■ GIVEN MATERIAL
========================================

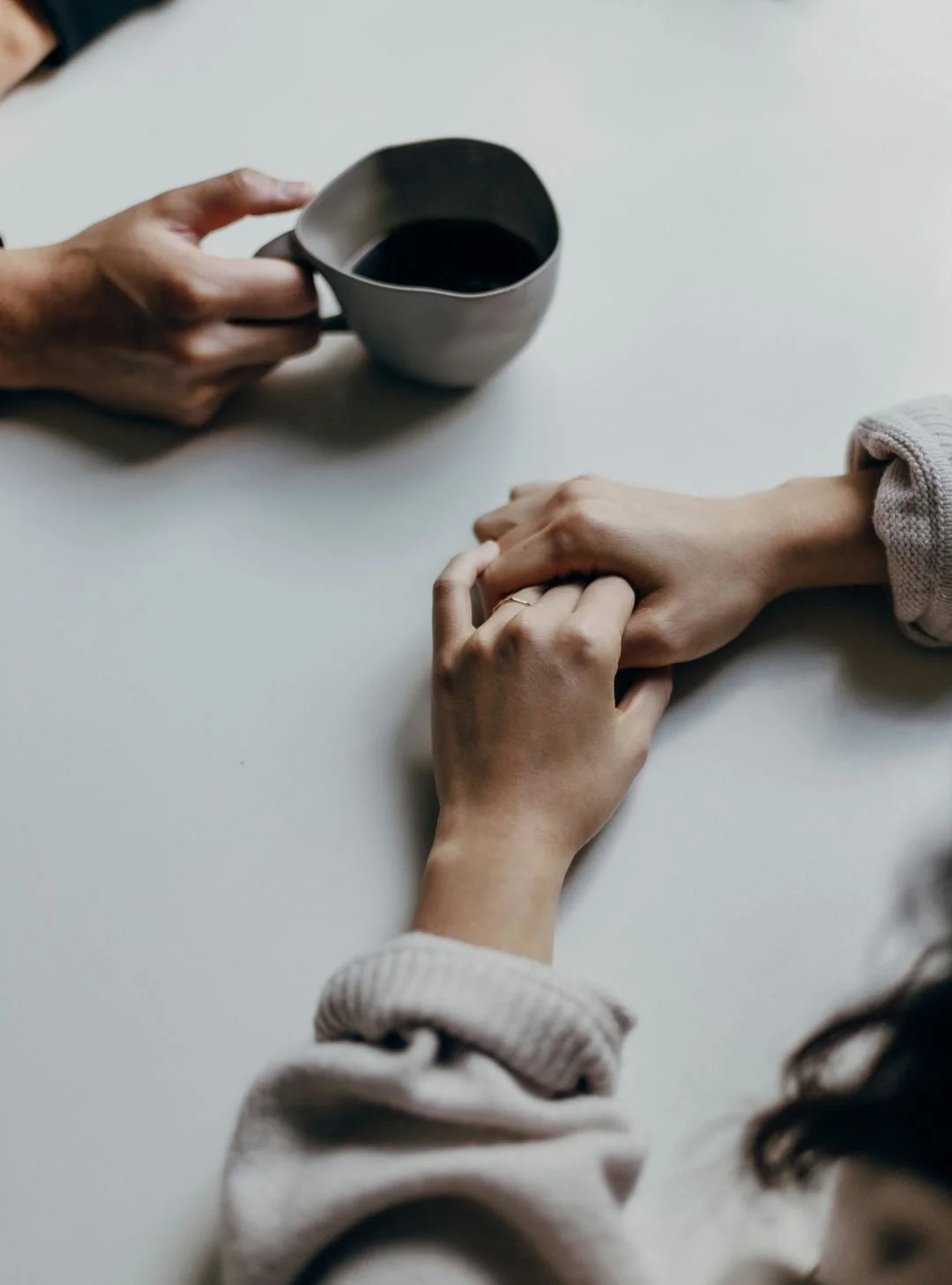 Two hands holding on a table, one person holding a coffee mug.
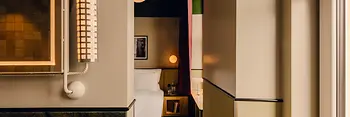 Blick vom Badezimmer in ein Hotelzimmer mit grünem Marmorwaschbecken, warmer Beleuchtung und Bett im Hintergrund.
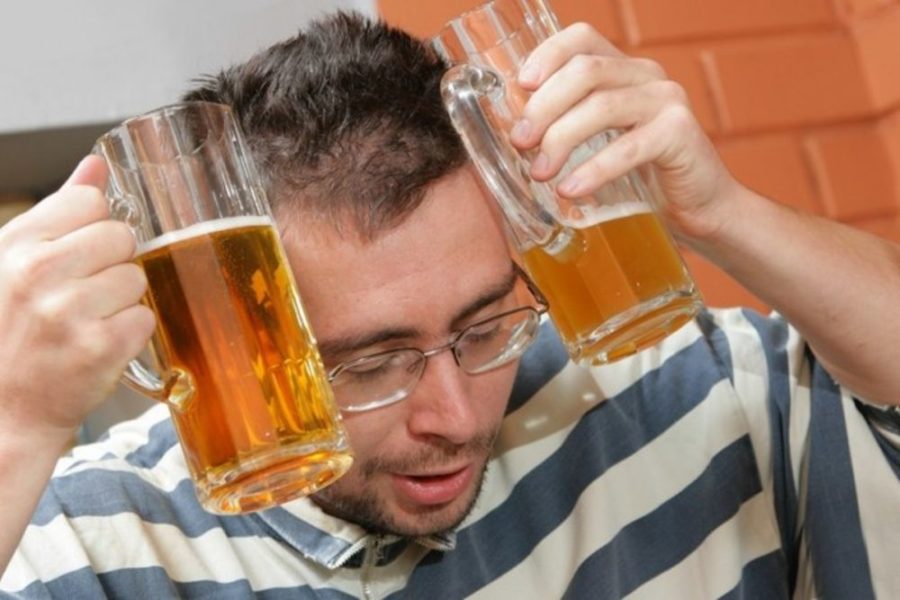 Мужчина держит бокалы с пивом у головы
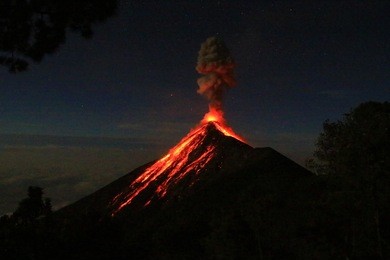 volcano el fuego erupting at night, close to antigua, guatemala. photo taken from vulcan acatenango.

========================================

■ WORK INSTRUCTION
None of the pictures should be kept; reproduce all the remaining material exactly.

■ SOLVED EXERCISE
 Two hands holding on a table, one person holding a coffee mug.
 Blick vom Badezimmer in ein Hotelzimmer mit grünem Marmorwaschbecken, warmer Beleuchtung und Bett im Hintergrund.
 Мужчина держит бокалы с пивом у головы
 volcano el fuego erupting at night, close to antigua, guatemala. photo taken from vulcan acatenango.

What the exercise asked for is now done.